If the numbers appeared on the two throws of a fair six faced die are $$\alpha$$ and $$\beta$$, then the probability that $$x^2 + \alpha x + \beta > 0$$, for all $$x \in \mathbb{R}$$, is

Given quadratic expression

$$x^2+\alpha x+\beta$$

For

$$x^2+\alpha x+\beta>0\quad \forall x\in\mathbb R,$$

the quadratic must have a positive leading coefficient and no real roots.
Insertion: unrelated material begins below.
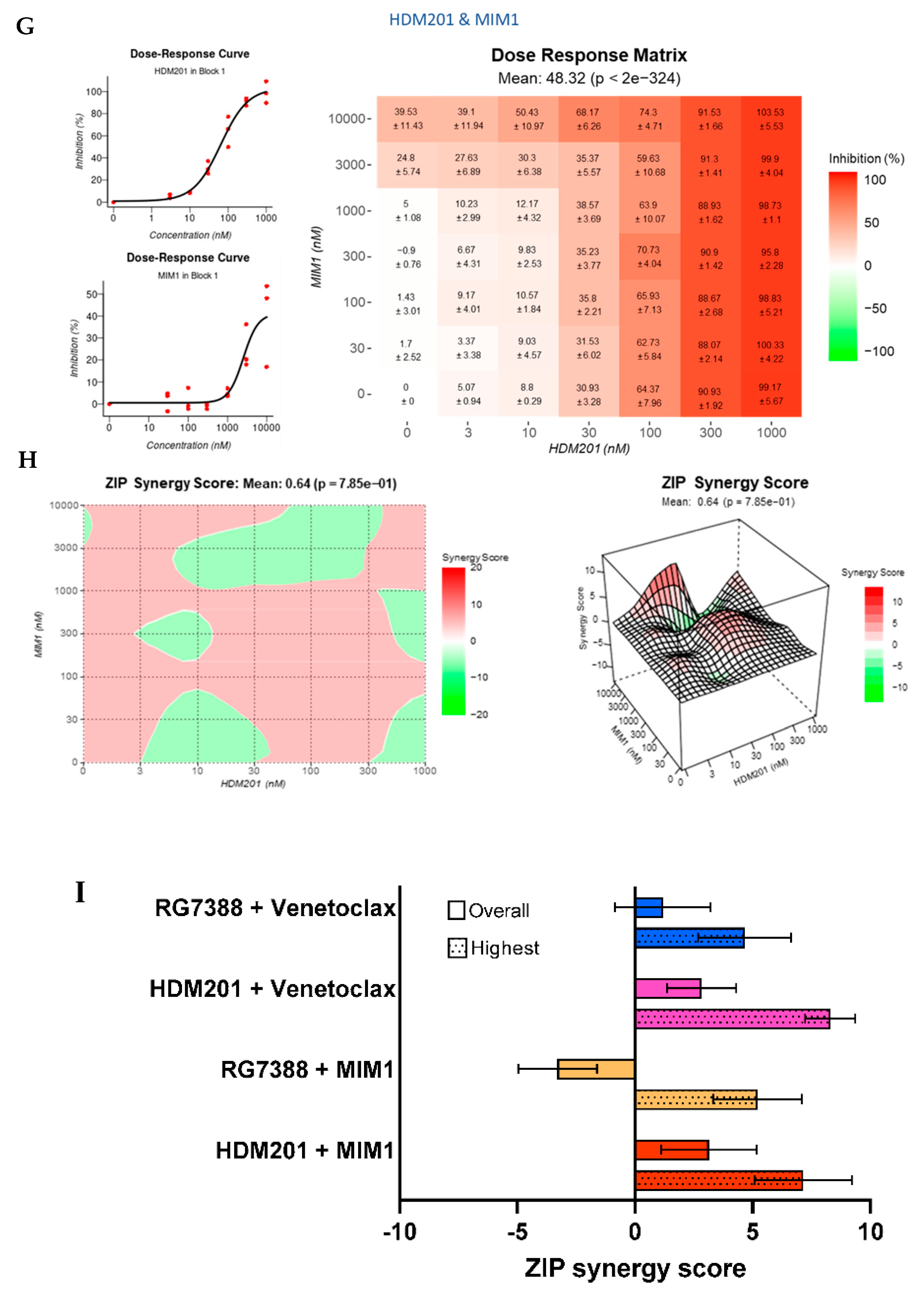 Cancers 14 00014 g010c Cancers 14 00014 g010c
Since the coefficient of $$x^2$$ is already positive, we only require

$$\Delta<0$$

Therefore,

$$\alpha^2-4\beta<0$$

$$\alpha^2<4\beta$$

Now,

$$\alpha,\beta\in\{1,2,3,4,5,6\}$$

We count favorable cases.

For $$\alpha=1,$$

$$1<4\beta$$

which is true for all

$$\beta=1,2,3,4,5,6$$

Hence,

$$6$$ cases.

For $$\alpha=2,$$

$$4<4\beta$$

$$\beta>1$$

Hence,

$$\beta=2,3,4,5,6$$

giving

$$5$$ cases.

For $$\alpha=3,$$

$$9<4\beta$$

$$\beta\ge3$$

Hence,

$$4$$ cases.

For $$\alpha=4,$$

$$16<4\beta$$

$$\beta>4$$

Hence,

$$\beta=5,6$$

giving

$$2$$ cases.

For $$\alpha=5,$$

$$25<4\beta$$

is impossible.

Hence,

$$0$$ cases.

For $$\alpha=6,$$

$$36<4\beta$$

is impossible.

Hence,

$$0$$ cases.

Therefore, total favorable outcomes are

$$6+5+4+2=17$$

Total possible outcomes are

$$6\times6=36$$

Hence, the required probability is

$$\boxed{\frac{17}{36}}$$